A few years ago, I posted a recipe for Strawberry-Rhubarb freezer jam that my Grandma Rosemary made yearly when I was a child! She made all sorts of jams and jellies and they were favorite to eat on homemade bread, over ice cream or on pancakes!
This year I wanted to share with you my Grandma Rosemary’s Raspberry Rhubarb Jam recipe! It contains no pectin and has lower sugar than most recipes you find in a cookbook.
Because this jam recipe is without pectin, it is a bit thinner than a “typical” jam recipe but you can still use it on toast with peanut butter or however you prefer. It is great for using on waffles and pancakes too!
Raspberry Rhubarb Jam
4 cups cut rhubarb
2 cups raspberries
1.5 cups sugar PLUS 1.5 cups more sugar
The original recipe had 4 cups to sugar. So although I know this may still seem like a lot of sugar, that’s how most rhubarb jam recipes are in order to take much of the strong tartness out of the rhubarb.
Mix rhubarb, raspberries and 1.5 cups of sugar in a pot and bring to a boil.
Boil for three to four minutes.
Add 1.5 more cups of sugar and boil four to five minutes longer.
Let cool and then put in jars and seal in a canning process.
Freezer Jam Method for Raspberry Rhubarb Jam
Instead of canning, you can do what I do and make this into a freezer jam.
Allow the jam to partly cool, then put it into glass jars.
Tightly twist on a lid and band (the leftover heat will allow the top to seal a bit).
Then allow the jars to cool completely before putting them into your freezer.
PLEASE NOTE: If you go with the freezer jam method, make sure to leave a 1.5 inch to 2 inch space at the top of the jar for expansion once it freezes or you’ll end up with broken glass!
My children gobble up this jam with pb & j sandwiches or over pancakes and my husband and I love eating it on toasted English muffins and cranberry sourdough bread!
How to Make Thicker Rhubarb Jam with no Pectin
Rhubarb is a fairly low-pectin fruit, but one way you can make your rhubarb (rhubarb raspberry, rhubarb strawberry, etc) jam thicker is to “marinate” your cut rhubarb pieces in the sugar of your recipe for a few hours or overnight.
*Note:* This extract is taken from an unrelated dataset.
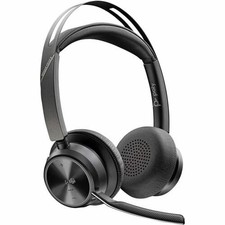 Lenovo Wireless VoIP Headset Teams Certified, Noise-Canceling Mic, Bluetooth 5.3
This draws out the liquid from the rhubarb and can help make your end product thicker.
You can also use a bit of lemon juice to help thicken your jam, but I personally have not done this.
Remember too, that jam thickens as it cools, even without pectin.
This isn’t going to be equally as thick as jam with pectin, however, we find the consistency to be great for everything we use it on (pancakes, toast, etc)!